A List of Goals is Not a Strategy
How many times have you sat with your management team or employees to develop your company, or department strategy only to find that you end up with a great list of generalised goals or objectives that include such things as:
- % sales growth,
- % profitability increase,
- Become more competitive in existing markets,
- Expand into new markets and regions.
There is nothing wrong with the list itself, in fact it’s a great list of what you might call goals, or key performance indicators (KPI’s) – however it’s certainly not a strategy, and won’t help you to ensure the long-term survival or prosperity of your organisation.
Rather than focusing on a narrow set of KPI’s and developing solutions that feed those metrics, stand back and take a broader, more holistic view of the competitive arena and organisational situation.
1. Identify which stakeholders you depend on for success.
Set time aside to identify the stakeholders (customers, suppliers, employees, shareholders etc) who are key to the long-term survival and success of your company. Without them, you have no organisation. So ensuring you satisfy them is crucial to your continued success.
2. Recognise what you want from your stakeholders.
Rather than launching straight into what you need to do for stakeholders such as customers, employees, suppliers etc, it’s important to stop and consider first what you want from these stakeholders. Remember as an executive, board member or CEO, your obligation is to act in the best interests of your company.
By understanding what you want, you will be able to identify more easily your objectives. Ie if you’re looking for sales and revenue growth, then that is going to come from your customers, where as productivity and innovation, or customer service will come from your employees etc.
This process will allow you to design meaningful strategies to get what you need from each stakeholder group.
3. Recognise what your stakeholders want from you.
When managers and their teams go too quickly into problem solving mode, they make assumptions about what their stakeholders want. As a result they end up with products and services that don’t sell.
If you want to achieve a competitive advantage, you must understand those things that your stakeholders want from you – and excel at them. Which leads me to the final point.
4. Deliver the things that your stakeholders want – differently.
In order to create a competitive advantage, you will need to excel at delivering what your stakeholders want from you, AND do so in a way that is different from your competitors.
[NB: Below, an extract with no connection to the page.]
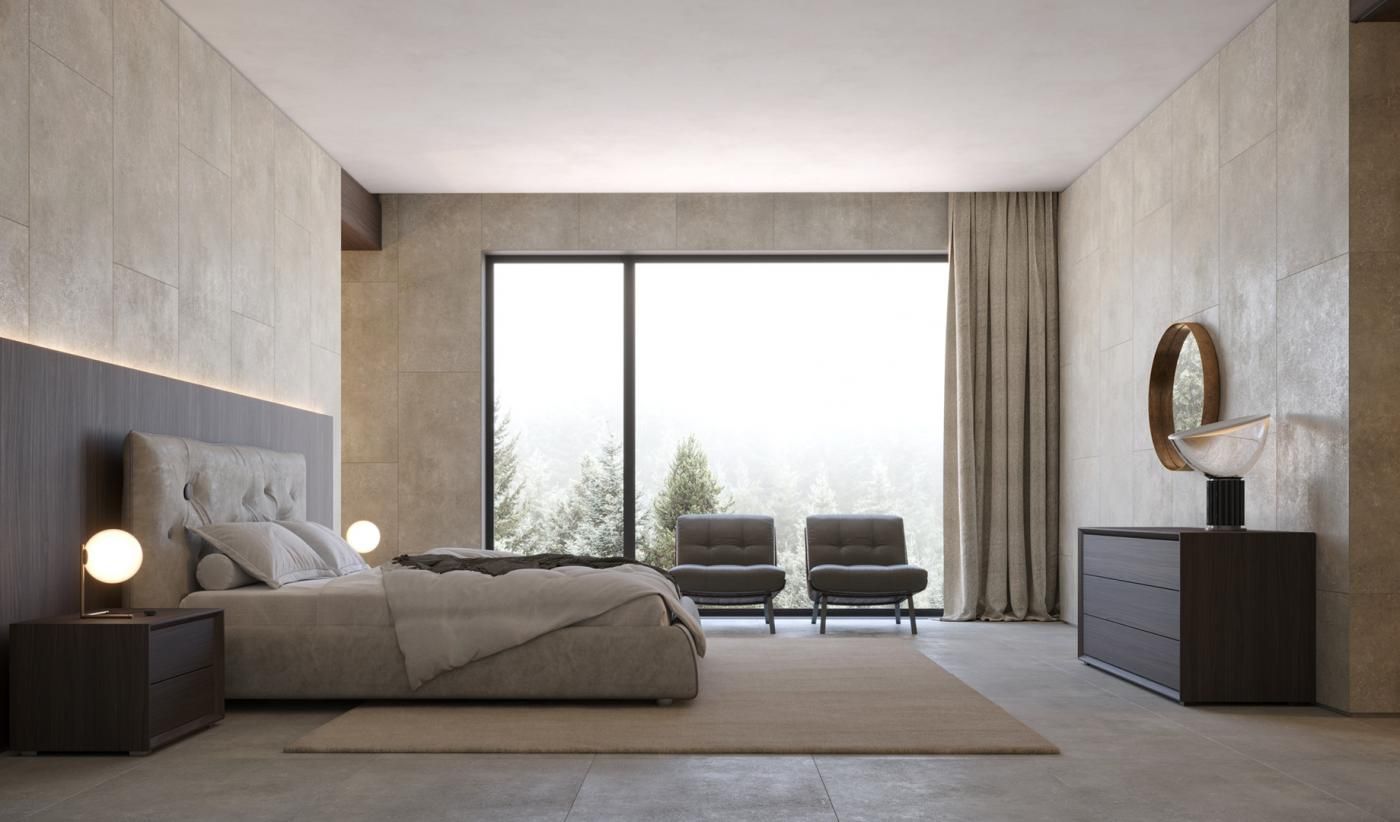 Una camera da letto con un letto, una cassettiera, sedie e una grande finestra.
Once you know what you will do differently, and why it is of value to your stakeholder you can clearly define your strategy and build your brand around it.
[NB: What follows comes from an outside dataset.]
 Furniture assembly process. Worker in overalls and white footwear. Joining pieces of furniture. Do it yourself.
Some ways to determine your point of difference:
- Evaluate your competition and rate yourself and your direct competitors based on operational efficiency (price), product leadership and customer intimacy.
- Identify areas where your competition is vulnerable and determine whether you can focus on those vulnerable areas.
- Identify your key strengths and how they can be enhanced.
- Evaluate what you want to be ‘known for’ in the future and design a long-term strategy to achieve it.
Reference: A List of Goals is Not a Strategy by Graham Kenny, published in the Harvard Business Review, November 19, 2014.